Right to Request to receive confidential communications from us by alternative means or at an alternative location. You have the right to request that we communicate with you in certain ways. We will accommodate reasonable requests. We may condition this accommodation by asking you for information as to how payment will be handled or specification of an alternative address or other method of contact. We will not require you to provide an explanation for your request. Requests must be made in writing to our Privacy Officer.
Right to Receive an accounting. You have the right to request an accounting of certain disclosures of your protected health information made by the facility. This right applies to disclosures for purposes other than treatment, payment or health care operations as described in this Privacy Notice. We are also not required to account for disclosures that you requested, disclosures that you agreed to by signing an authorization form, disclosures for a facility directory, to friends or family members involved in your care, or certain other disclosures we are permitted to make without your authorization. The request for an accounting must be made in writing to our Privacy Officer. The request should specify the time period sought for the accounting. We are not required to provide an accounting for disclosures that take place prior to April 14, 2003. Accounting requests may not be made for periods of time in excess of six years. We will provide the first accounting you request during any 12-month period without charge. Subsequent accounting requests may be subject to a reasonable cost-based fee.

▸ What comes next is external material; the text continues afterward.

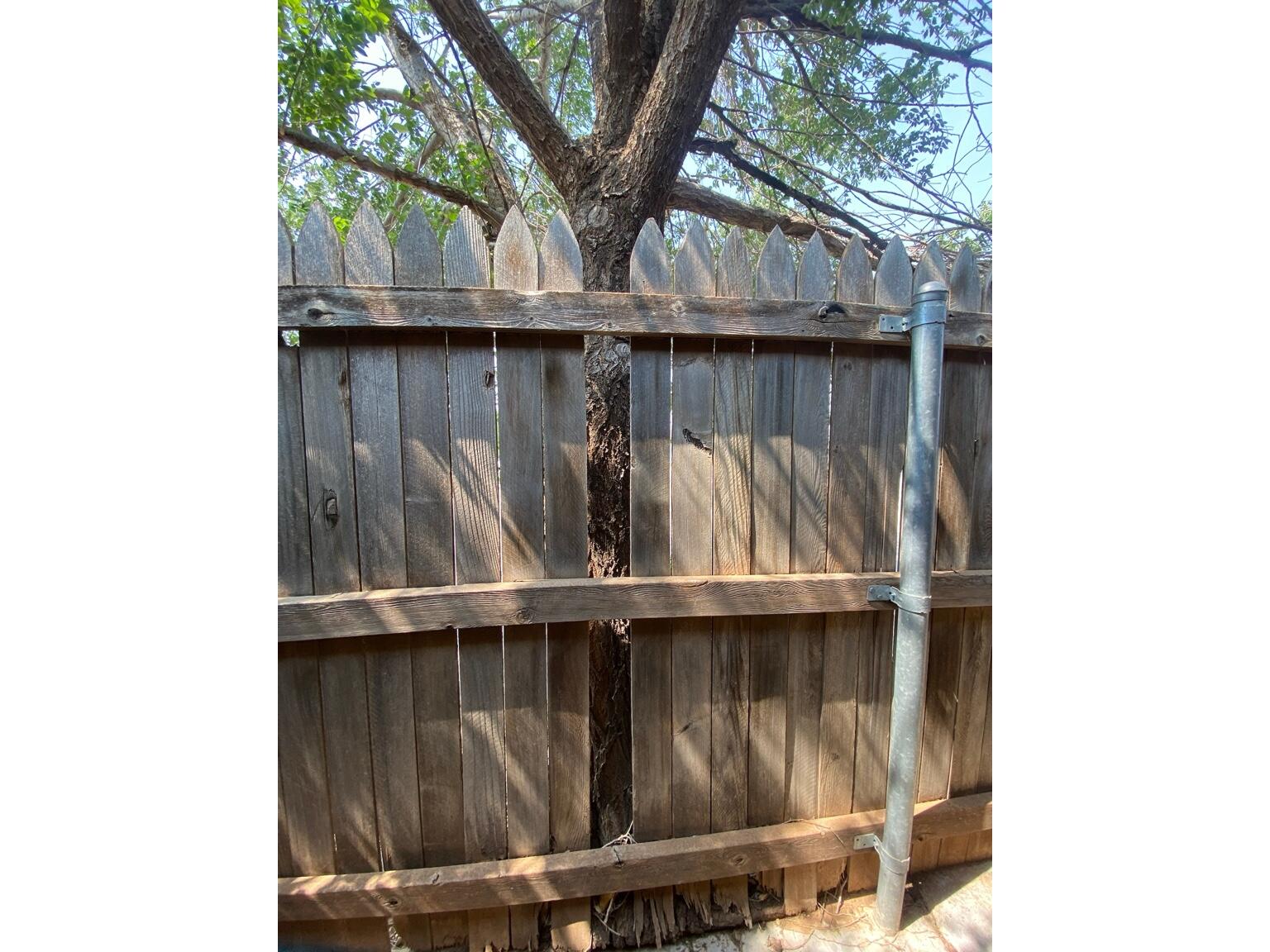 532 North Clinton Avenue Lubbock, TX 79416 - Photo 35 of 37 002 3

Right to obtain a paper copy of this notice. Upon request, we will provide a separate paper copy of this notice even if you have already received a copy of the notice or have agreed to accept this notice electronically.

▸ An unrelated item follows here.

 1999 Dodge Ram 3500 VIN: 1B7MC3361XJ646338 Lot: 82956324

The facility is required by law to maintain the privacy of your health information and to provide you with this Privacy Notice of our duties and privacy practices. We are required to:
v Keep your health information private and only disclose it when required to do so by law;
v explain our legal duties and privacy practices in connection with your health records;
v obey the rules found in this notice;
v inform you when we are unable to agree to a requested restriction that you have given us;
v accommodate your reasonable request for an alternative means of delivery or destination when sending your health information.
We are required to abide by terms of this Notice as may be amended from time to time. We reserve the right to change the terms of this Notice and to make the new Notice provisions effective for all future protected health information that we maintain. If the facility changes its Notice, we will provide a copy of the revised Notice to current patients by sending a copy of the revised Notice via regular mail or through in-person contact.
You have the right to express complaints to the Facility and to the Secretary of Health and Human Services if you believe that your privacy rights have been violated. You may complain to the facility by contacting the Facility's Privacy Officer verbally or in writing, using the contact information provided on the first page of this Privacy Notice. We encourage you to express any concerns you may have regarding the privacy of your information.
You may contact the Secretary of Health and Human Services in the following ways:
Texas Department of State Health Services
1100 W 49th Street
Austin, Texas 78756
Toll free 1-888-963-7111 or 512-458-7111
TDD Relay 1-800-735-2989
Complaints may be anonymous. However, it is of assistance for the Department to know who you are and how you may be reached if more information is needed.